Sorry I didn't get you a cake or anything.
But, hey, I am typing to you during the middle of the first large thunderstorm of the Spring Season. April showers bringing May flowers and all.
Dear local TV stations. It really sucks that a major storm is passing overhead and you've got nothing on your screens. The Youngstown station has a little map, but it doesn't show Ashtabula. However, the 2 counties south of us have Sever Thunderstorm Warnings (my guess is so do we). Really don't care about the sports programming, would be nice to see what's happening out there (and the Weather Channel is into their stupid weather stories programming).

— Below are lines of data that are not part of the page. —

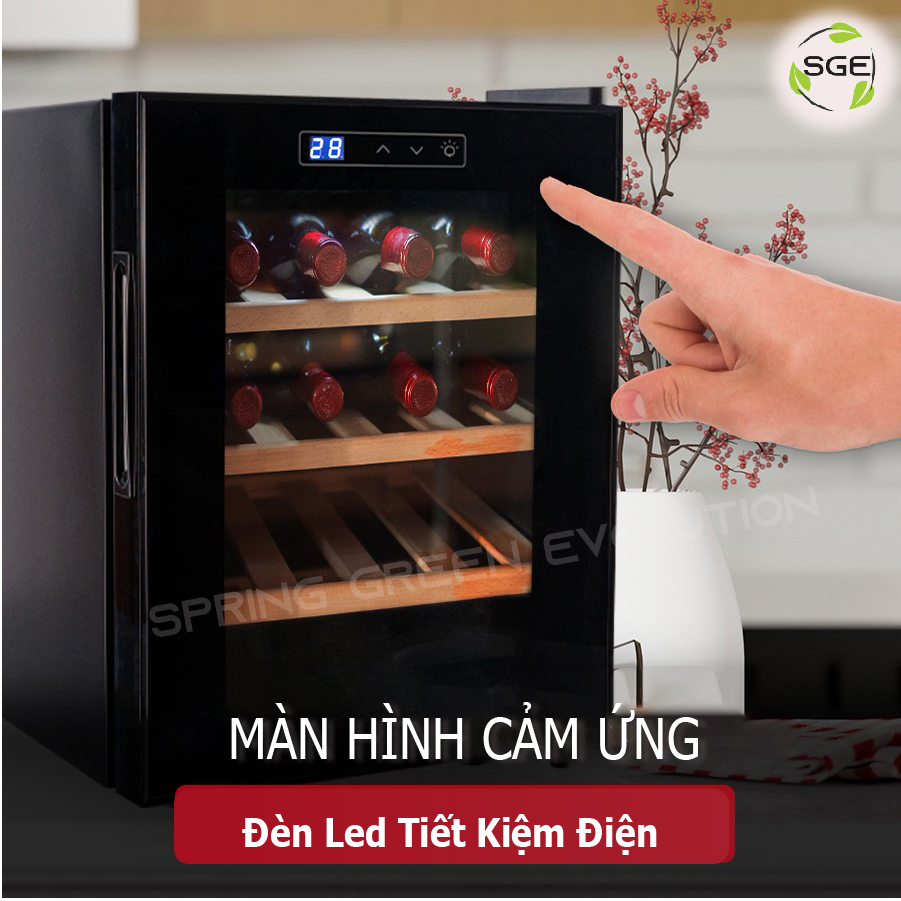 Tủ Rượu Gia Đình, Tủ Mát Tủ Uớp, Bảo Quản Rượu Vang WCE12( Tủ Đựng Rượu Vang 12 Chai). Hàng Chính Hãng SGE Thái Lan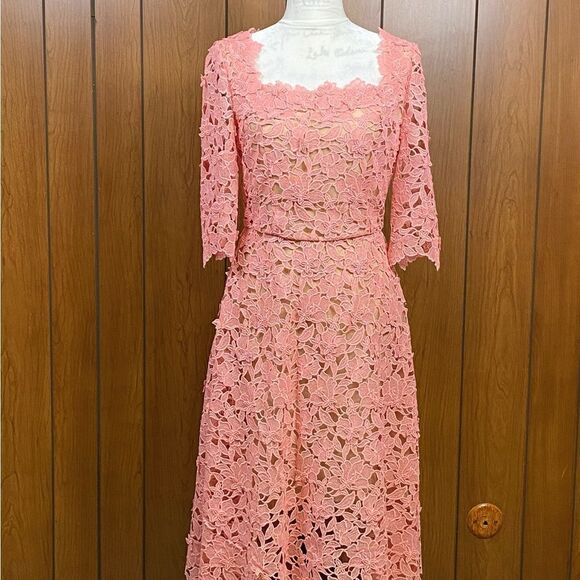 Oscar De La Renta Floral Guipure Lace Midi Dress size 6 - Picture 4 of 14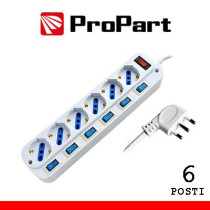 Multipresa 6pos bipasso/schuko spina16A +interr. multipli PEM203056A-W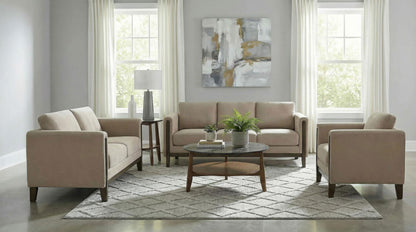 Islington 3-piece Upholstered Panel Arm Sofa Set Taupe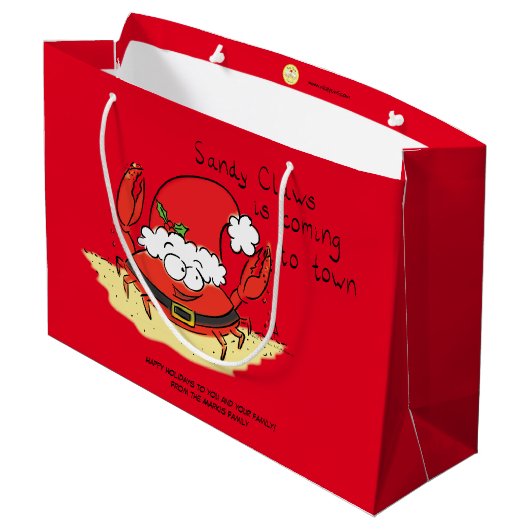 Crab Kerstbeach Tropical Funny Groot Cadeauzakje (Achterkant Gekanteld)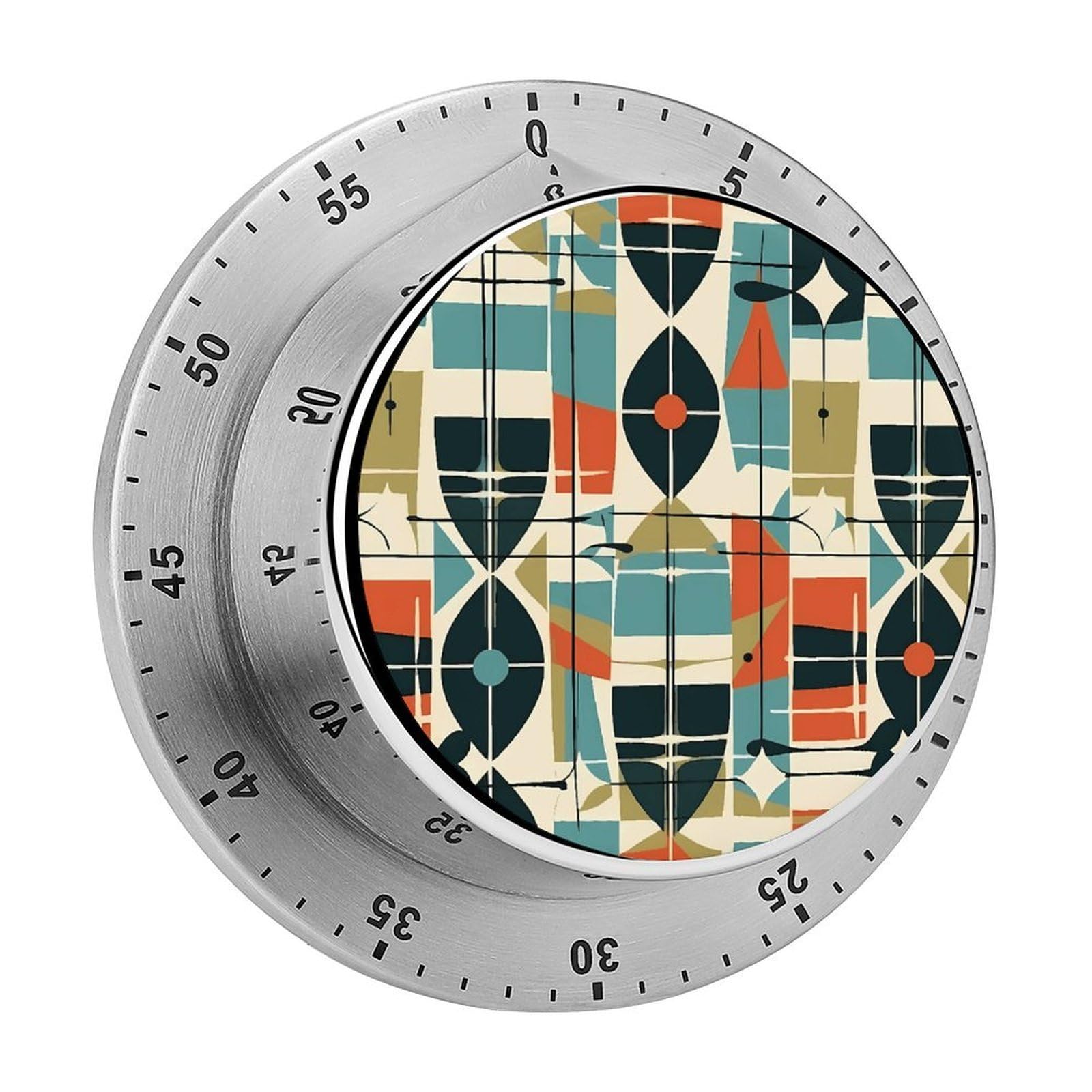 Modern Mid Century Timers Kitchen Chef Cooking Timers Portable Countdown Alarm Loud Countdown Clock Waterproof Stainless Steel Timer Compact 60-Minute Mechanical Timer Daily Use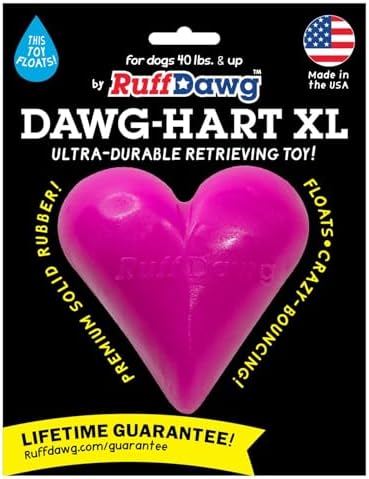 Ruff Dawg Indestructible Dawg-Hart (Heart) XL 4” – Heavy-Duty Solid Rubber Dog Fetch Toy for Dogs 40 lbs & Up – Floats & Crazy Bounce – Made in USA – Assorted Neon Colors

Since there's a discussion going on with Anonymous Cassie in the comments (and this topic has been brought up once or twice in our discussions), I point to this blog post by Tim Wise entitled, "Imagine if the Tea Party Was Black." (Grokked from Jay Lake) Not necessarily an argument about if the TPM is racist, but maybe throwing a clarifying light on privilege and tolerance of language. Not all of his arguments point to prominent people, but most of them directly lead back to non-fringe (in public position) characters. It's an interesting exercise. But hey, it might not be entirely their fault, considering this study abstract which demonstrates that "Participants subliminally primed with Christian words displayed more covert racial prejudice against African-Americans (Study 1) and more general negative affect toward African-Americans (Study 2) than did persons primed with neutral words."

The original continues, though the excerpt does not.